• _PROBLEM_: Please determine the number of lines in the material below that contain the word "Gift", and state it alone.

• _EXCERPTED DATA_:
────
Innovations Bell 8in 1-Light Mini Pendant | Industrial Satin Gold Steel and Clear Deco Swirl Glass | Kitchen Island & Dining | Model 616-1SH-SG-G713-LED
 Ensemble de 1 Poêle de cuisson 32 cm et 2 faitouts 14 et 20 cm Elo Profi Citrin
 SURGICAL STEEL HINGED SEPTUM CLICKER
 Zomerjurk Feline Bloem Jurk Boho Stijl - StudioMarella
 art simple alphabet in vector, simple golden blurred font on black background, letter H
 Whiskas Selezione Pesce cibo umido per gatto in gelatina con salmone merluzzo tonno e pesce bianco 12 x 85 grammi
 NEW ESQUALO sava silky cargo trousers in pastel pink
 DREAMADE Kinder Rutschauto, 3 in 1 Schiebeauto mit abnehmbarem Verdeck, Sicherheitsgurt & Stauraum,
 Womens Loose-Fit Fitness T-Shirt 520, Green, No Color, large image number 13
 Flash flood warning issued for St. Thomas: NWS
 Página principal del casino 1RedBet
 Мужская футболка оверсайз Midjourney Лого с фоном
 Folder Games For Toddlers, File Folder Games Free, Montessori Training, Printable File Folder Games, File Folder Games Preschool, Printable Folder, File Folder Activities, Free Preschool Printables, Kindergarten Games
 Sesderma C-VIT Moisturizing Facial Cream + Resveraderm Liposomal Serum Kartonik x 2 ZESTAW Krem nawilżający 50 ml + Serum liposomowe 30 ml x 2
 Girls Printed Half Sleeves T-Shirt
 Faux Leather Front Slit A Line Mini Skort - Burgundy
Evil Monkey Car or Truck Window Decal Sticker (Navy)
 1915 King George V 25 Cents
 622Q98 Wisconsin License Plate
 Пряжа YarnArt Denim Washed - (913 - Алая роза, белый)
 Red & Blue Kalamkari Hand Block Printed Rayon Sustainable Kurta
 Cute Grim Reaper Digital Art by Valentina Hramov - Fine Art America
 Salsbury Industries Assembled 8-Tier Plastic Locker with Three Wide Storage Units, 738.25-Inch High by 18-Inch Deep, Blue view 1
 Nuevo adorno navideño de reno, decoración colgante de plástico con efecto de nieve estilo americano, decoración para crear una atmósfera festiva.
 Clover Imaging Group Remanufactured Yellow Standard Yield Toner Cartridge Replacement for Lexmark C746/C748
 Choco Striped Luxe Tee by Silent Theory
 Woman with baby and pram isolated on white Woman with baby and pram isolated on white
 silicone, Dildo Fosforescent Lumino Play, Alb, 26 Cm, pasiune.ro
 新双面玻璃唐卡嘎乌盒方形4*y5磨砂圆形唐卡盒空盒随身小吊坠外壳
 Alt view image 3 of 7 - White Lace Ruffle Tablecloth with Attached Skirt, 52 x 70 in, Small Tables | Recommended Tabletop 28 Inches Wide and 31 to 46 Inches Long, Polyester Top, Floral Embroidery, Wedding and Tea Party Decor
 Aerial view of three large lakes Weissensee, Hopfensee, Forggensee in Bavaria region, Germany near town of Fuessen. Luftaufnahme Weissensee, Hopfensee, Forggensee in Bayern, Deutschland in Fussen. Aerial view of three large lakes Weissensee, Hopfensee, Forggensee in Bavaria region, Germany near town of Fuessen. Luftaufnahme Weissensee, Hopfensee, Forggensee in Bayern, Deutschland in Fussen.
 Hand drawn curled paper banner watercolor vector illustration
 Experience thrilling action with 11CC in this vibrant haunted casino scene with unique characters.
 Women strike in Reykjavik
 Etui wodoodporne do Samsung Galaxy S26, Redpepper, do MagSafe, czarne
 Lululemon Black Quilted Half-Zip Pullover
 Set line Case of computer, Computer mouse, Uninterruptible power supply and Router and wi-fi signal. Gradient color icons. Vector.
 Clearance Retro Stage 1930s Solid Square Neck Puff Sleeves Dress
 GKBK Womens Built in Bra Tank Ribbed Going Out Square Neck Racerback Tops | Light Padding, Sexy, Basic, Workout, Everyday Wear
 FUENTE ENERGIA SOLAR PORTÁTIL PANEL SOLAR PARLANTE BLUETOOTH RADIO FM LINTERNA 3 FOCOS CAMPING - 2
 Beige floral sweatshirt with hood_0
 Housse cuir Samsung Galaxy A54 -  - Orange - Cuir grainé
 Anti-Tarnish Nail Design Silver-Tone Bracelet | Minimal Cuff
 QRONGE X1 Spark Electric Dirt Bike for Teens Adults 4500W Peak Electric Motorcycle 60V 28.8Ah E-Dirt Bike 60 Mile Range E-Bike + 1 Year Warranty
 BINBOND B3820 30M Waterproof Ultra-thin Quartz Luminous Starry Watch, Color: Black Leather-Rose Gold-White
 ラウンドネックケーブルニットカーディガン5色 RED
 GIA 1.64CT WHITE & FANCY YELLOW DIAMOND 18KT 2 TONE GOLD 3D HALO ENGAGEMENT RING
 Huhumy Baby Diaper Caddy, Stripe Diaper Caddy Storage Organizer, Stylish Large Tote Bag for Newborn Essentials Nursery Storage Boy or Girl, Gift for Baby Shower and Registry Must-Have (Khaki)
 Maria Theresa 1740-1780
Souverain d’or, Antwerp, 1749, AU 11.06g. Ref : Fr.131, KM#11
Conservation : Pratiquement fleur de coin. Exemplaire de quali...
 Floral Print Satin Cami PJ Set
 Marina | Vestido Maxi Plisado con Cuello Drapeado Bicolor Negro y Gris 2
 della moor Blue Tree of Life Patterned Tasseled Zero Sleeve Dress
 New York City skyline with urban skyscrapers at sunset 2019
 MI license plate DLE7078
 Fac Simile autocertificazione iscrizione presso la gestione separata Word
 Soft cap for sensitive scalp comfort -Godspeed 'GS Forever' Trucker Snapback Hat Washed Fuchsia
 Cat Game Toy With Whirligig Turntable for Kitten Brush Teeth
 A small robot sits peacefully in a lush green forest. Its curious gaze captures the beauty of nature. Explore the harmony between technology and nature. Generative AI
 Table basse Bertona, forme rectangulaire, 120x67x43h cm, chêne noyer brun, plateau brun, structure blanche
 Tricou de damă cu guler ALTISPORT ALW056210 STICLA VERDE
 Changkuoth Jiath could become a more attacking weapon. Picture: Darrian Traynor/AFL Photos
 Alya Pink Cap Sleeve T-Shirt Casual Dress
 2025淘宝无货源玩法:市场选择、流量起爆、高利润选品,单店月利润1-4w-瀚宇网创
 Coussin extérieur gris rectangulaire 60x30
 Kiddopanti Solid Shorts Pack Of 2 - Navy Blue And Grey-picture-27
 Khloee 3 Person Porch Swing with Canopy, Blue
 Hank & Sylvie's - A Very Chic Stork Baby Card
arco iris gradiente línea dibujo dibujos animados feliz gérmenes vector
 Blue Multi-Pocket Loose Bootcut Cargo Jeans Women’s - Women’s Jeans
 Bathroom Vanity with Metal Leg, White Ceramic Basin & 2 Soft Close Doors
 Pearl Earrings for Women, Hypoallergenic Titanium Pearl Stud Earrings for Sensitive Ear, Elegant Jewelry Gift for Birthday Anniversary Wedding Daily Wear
────
• _RESPONSE TO THIS TASK_: 2